Fig. 1 is a schematic diagram of a citric acid injection system for continuous kidney replacement therapy according to an embodiment of the present invention;

fig. 2 is a schematic diagram of functional modules of a citric acid injection system for continuous kidney replacement therapy according to an embodiment of the present invention;

FIG. 3 is a schematic circuit diagram of a signal source module according to an embodiment of the present invention;

FIG. 4 is a schematic circuit diagram of a signal processing module according to an embodiment of the present invention;

FIG. 5 is a schematic circuit diagram of a drip speed detection receiving module according to an embodiment of the present invention;

fig. 6 is a schematic circuit diagram of a liquid level detection receiving module according to an embodiment of the present invention.

Detailed Description

The present invention will be described in further detail with reference to the drawings and examples, in order to make the objects, technical solutions and advantages of the present invention more apparent. It should be understood that the specific embodiments described herein are for purposes of illustration only and are not intended to limit the scope of the invention.

It should be noted that although functional block division is performed in a device diagram and a logic sequence is shown in a flowchart, in some cases, the steps shown or described may be performed in a different order than the block division in the device, or in the flowchart. The terms first, second, third and the like in the description, in the claims and in the above-described figures, are used for distinguishing between similar objects and not necessarily for describing a particular sequential or chronological order.

The invention provides a citric acid injection system for continuous kidney replacement therapy, comprising: the pipeline system comprises an infusion pump, a drip cup and a liquid pipe, wherein the drip cup is connected with a pump pipe of the infusion pump, the drip cup is used for dripping citric acid, and the infusion pump is used for peristaltic the citric acid in the pump pipe to be input into the liquid pipe; the control chip is in communication connection with the infusion pump and is used for controlling the rotating speed of the infusion pump; the dropping speed detection device is used for detecting the dropping speed of the citric acid of the dropping kettle and generating dropping speed information; the protection chip is in communication connection with the dripping speed detection device and the control chip, and when the input flow rate and the output flow rate of the citric acid in the pipeline system are not matched, the protection chip sends an adjusting signal to the control chip so that the control chip controls the infusion pump to stop running, wherein the input flow rate is determined according to the dripping speed information, and the output flow rate is determined according to the rotating speed of the infusion pump. According to the technical scheme of the embodiment, the abnormal flow of the infusion pump can be found in time by comparing the dropping speed of the dropping kettle with the rotating speed of the infusion pump, and the input of citric acid is stopped, so that the input safety and the continuity of the citric acid are effectively improved.
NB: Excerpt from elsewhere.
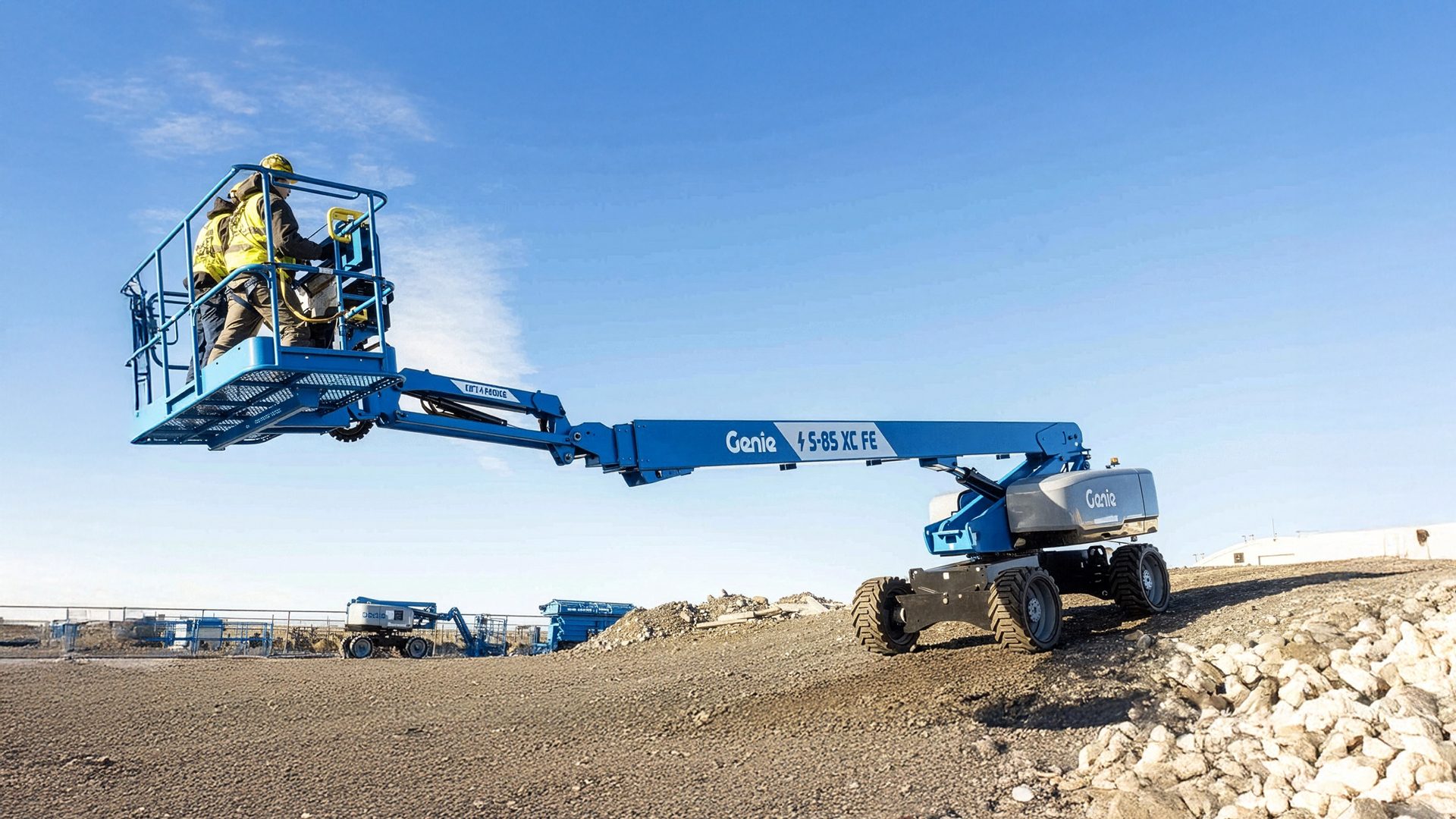Two workers in a blue Genie S-85 XC FE boom lift on a construction site under a clear sky.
Referring to fig. 1, fig. 1 is a schematic diagram of a citric acid injection system for continuous kidney replacement therapy according to an embodiment of the present invention, the citric acid injection system for continuous kidney replacement therapy includes:

the system comprises a pipeline system, wherein the pipeline system comprises an infusion pump 20, a drip cup 10 and a liquid pipe 30, the drip cup 10 is connected with a pump pipe 21 of the infusion pump 20, the drip cup 10 is used for dripping citric acid, and the infusion pump 20 is used for inputting the citric acid into the liquid pipe 30 in the peristaltic pump pipe 21;

the control chip is in communication connection with the infusion pump 20 and is used for controlling the rotating speed of the infusion pump 20;

the dropping speed detection device is used for detecting the dropping speed of the citric acid of the dropping kettle 10 and generating dropping speed information;

and the protection chip is in communication connection with the dripping speed detection device and the control chip, and when the input flow rate and the output flow rate of the citric acid in the pipeline system are not matched, the protection chip sends an adjusting signal to the control chip so as to enable the control chip to control the infusion pump 20 to stop running, wherein the input flow rate is determined according to the dripping speed information, and the output flow rate is determined according to the rotating speed of the infusion pump 20.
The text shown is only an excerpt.